▸ **INPUT MATERIAL**
::::

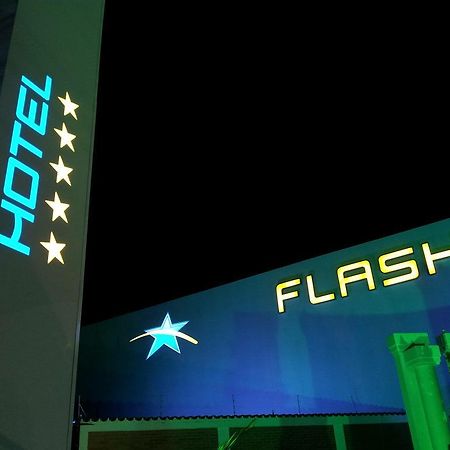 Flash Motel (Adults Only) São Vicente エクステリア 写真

::::

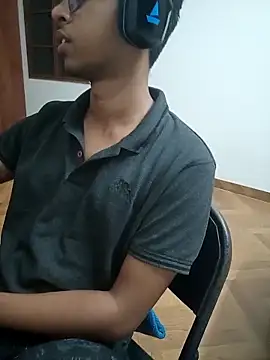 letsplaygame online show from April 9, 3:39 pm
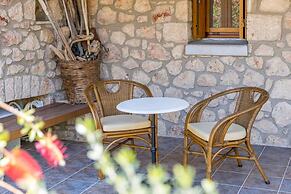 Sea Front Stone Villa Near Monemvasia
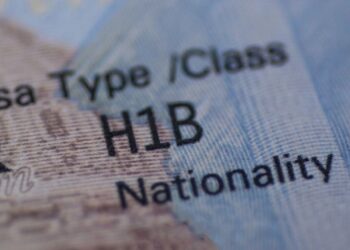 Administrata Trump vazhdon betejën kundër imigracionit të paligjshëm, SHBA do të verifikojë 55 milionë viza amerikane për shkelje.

::::

▸ **ACTIVITY**
In the listing above, find the line holding "Sea Front Stone Villa Near Monemvasia" and the line holding "Administrata Trump vazhdon". Reproduce those two lines and all between them exactly, leaving out pictures.

▸ **YOUR RESPONSE**
 Sea Front Stone Villa Near Monemvasia
 Administrata Trump vazhdon betejën kundër imigracionit të paligjshëm, SHBA do të verifikojë 55 milionë viza amerikane për shkelje.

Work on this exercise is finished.